Cooper’s Hawk is Faring Well in Urban and Rural Wisconsin

Updated: Sep 12

Since moving to Eau Claire about two years ago and setting up our backyard birdfeeders, my wife and I have made regulars out of cardinals, chickadees, nuthatches and bluejays; as well as most woodpecker varieties, from hairy to downy and pileated to red-bellied.


We’ve also made acquaintance with the tufted titmouse, a bird we never saw at our longtime home in Waupaca. We’ve also inherited wrens, which occupy and defend houses left by previous owners; and hummingbirds, which routinely check our neighbors’ and Penny’s flowers and fresh blooms.

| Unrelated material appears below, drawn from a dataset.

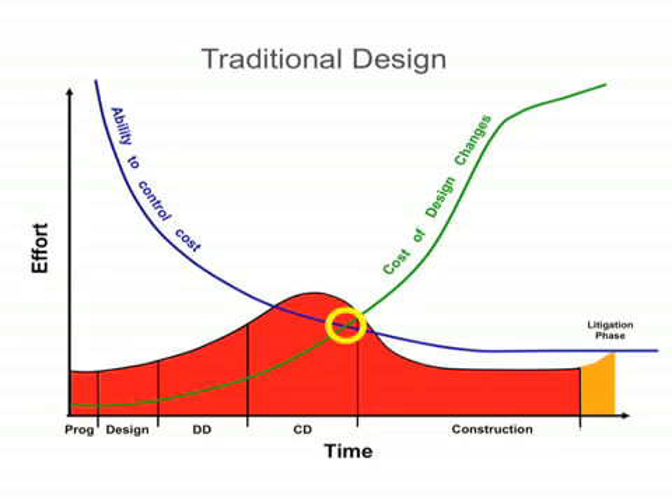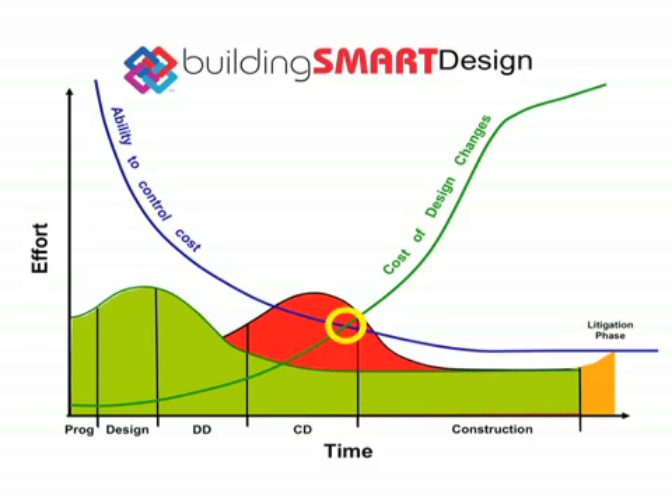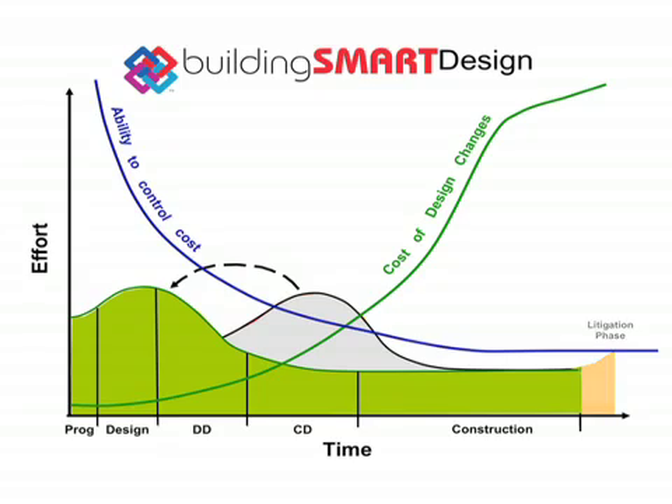Clearly, this process is broken and needs to be replaced by building smart design. This strategy calls for shifting effort forward in time — more effort to develop and test design alternatives, and less effort for documentation — all made possible by new three-dimensional BIM building information modeling software, backed up by even newer testing and analysis software. Not only will our designs be better resolved, but our coordination will be more precise and free of errors, leading to a smooth construction process, elimination of the litigation phase, much better buildings, and much happier clients.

Although we bear no grudge, we don’t miss the grackles, starlings, English sparrows and redwing blackbirds that often dominated our Waupaca feeders. And we look forward to the pending return of juncos this fall, of course.


Two birds we’ve missed are the Cooper’s hawks and sharp-shinned hawks that regularly swept into our yard, occasionally whacking cardinals or mourning doves. When you put out seeds to attract songbirds, you can’t complain if you inadvertently create a target-rich environment for little hawks.


Not everyone appreciates that result, of course. Some folks coo like our state’s mournful “bird of peace” as it pecks sunflower seeds atop the snow alongside juncos and cardinals. Hearts also flutter as finches, chickadees and redpolls flit between tube feeders and perch at our seed buffets.


But then, boom! A Coop or shin flashes in low like a Tomahawk missile behind your house, zips over the lilacs, and obliterates an unsuspecting dove, causing you to urp coffee down your chin.


At least that’s the scene I envisioned the other day when Penny spotted a small hawk in our neighbor’s backyard. It was a Cooper’s hawk, and it seemed puzzled and indecisive as it hopped and walked around. I secretly hoped it was clutching prey in its talons, but no, they were empty. Maybe its target escaped in that micro-second separating life from death.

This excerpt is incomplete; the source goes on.